Input records Start Marker

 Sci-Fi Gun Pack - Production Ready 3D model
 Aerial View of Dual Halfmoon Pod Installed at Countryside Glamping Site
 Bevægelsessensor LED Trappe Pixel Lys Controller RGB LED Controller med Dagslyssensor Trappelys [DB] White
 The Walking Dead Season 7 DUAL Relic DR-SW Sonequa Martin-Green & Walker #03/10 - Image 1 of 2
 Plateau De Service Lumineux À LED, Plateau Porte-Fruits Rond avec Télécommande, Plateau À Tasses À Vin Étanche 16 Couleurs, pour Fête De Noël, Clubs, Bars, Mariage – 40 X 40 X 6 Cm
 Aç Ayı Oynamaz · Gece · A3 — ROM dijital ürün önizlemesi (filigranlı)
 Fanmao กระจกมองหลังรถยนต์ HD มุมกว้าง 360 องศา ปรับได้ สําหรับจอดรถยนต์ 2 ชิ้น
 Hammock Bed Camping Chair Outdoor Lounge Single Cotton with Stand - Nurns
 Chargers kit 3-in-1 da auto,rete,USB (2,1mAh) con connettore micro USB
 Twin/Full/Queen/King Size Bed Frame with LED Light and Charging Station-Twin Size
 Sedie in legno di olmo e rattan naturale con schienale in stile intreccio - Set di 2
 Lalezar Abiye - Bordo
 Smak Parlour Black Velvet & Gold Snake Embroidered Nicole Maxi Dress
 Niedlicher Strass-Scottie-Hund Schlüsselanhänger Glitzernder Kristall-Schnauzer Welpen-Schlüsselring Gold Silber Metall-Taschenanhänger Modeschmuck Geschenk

Input records End Marker

== Problem to solve ==
Repeat the data in its entirety, character for character.

== Problem solution ==
 Sci-Fi Gun Pack - Production Ready 3D model
 Aerial View of Dual Halfmoon Pod Installed at Countryside Glamping Site
 Bevægelsessensor LED Trappe Pixel Lys Controller RGB LED Controller med Dagslyssensor Trappelys [DB] White
 The Walking Dead Season 7 DUAL Relic DR-SW Sonequa Martin-Green & Walker #03/10 - Image 1 of 2
 Plateau De Service Lumineux À LED, Plateau Porte-Fruits Rond avec Télécommande, Plateau À Tasses À Vin Étanche 16 Couleurs, pour Fête De Noël, Clubs, Bars, Mariage – 40 X 40 X 6 Cm
 Aç Ayı Oynamaz · Gece · A3 — ROM dijital ürün önizlemesi (filigranlı)
 Fanmao กระจกมองหลังรถยนต์ HD มุมกว้าง 360 องศา ปรับได้ สําหรับจอดรถยนต์ 2 ชิ้น
 Hammock Bed Camping Chair Outdoor Lounge Single Cotton with Stand - Nurns
 Chargers kit 3-in-1 da auto,rete,USB (2,1mAh) con connettore micro USB
 Twin/Full/Queen/King Size Bed Frame with LED Light and Charging Station-Twin Size
 Sedie in legno di olmo e rattan naturale con schienale in stile intreccio - Set di 2
 Lalezar Abiye - Bordo
 Smak Parlour Black Velvet & Gold Snake Embroidered Nicole Maxi Dress
 Niedlicher Strass-Scottie-Hund Schlüsselanhänger Glitzernder Kristall-Schnauzer Welpen-Schlüsselring Gold Silber Metall-Taschenanhänger Modeschmuck Geschenk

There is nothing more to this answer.